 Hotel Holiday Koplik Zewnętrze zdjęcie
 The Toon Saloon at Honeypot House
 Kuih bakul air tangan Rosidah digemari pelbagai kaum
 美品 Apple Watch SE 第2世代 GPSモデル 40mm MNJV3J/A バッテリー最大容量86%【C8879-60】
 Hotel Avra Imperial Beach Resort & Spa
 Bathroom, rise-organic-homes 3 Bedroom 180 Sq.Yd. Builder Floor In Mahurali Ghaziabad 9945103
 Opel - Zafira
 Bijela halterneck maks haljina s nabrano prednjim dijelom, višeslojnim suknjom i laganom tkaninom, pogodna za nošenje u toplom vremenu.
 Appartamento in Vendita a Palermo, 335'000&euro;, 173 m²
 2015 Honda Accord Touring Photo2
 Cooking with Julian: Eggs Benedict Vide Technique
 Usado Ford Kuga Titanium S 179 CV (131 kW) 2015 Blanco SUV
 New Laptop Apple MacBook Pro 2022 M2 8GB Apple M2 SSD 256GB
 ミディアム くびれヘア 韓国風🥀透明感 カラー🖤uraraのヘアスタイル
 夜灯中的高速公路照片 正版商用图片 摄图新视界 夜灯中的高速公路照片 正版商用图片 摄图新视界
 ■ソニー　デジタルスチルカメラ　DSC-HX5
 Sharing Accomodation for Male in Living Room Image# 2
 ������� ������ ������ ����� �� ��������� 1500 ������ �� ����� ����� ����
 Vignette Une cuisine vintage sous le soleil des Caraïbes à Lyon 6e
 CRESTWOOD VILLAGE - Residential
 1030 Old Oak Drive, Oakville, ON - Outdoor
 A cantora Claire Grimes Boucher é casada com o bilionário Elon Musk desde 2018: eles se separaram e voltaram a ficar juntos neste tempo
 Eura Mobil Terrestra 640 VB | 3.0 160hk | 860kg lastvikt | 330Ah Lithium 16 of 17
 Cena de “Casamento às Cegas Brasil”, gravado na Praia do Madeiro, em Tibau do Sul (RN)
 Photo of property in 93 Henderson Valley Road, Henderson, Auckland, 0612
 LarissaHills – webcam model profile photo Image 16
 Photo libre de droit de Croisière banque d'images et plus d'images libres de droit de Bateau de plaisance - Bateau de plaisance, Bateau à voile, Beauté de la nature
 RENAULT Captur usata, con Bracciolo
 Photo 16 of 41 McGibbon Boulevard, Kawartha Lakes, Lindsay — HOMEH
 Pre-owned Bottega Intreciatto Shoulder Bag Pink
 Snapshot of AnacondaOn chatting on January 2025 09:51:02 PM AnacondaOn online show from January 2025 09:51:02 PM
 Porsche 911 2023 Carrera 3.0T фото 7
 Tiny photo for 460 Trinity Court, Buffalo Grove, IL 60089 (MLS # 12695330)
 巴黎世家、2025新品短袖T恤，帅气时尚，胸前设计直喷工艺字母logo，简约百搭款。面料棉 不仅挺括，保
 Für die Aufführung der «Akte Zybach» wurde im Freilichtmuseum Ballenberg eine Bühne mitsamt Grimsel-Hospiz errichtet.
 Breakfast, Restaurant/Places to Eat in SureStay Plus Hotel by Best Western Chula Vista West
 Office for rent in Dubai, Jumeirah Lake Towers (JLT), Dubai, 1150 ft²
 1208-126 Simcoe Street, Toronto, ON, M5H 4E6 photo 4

* * * *

**Task brief:** Report each line of the material above where the word "Hotel" appears.

**Output for this task:**
 Hotel Holiday Koplik Zewnętrze zdjęcie
 Hotel Avra Imperial Beach Resort & Spa
 Breakfast, Restaurant/Places to Eat in SureStay Plus Hotel by Best Western Chula Vista West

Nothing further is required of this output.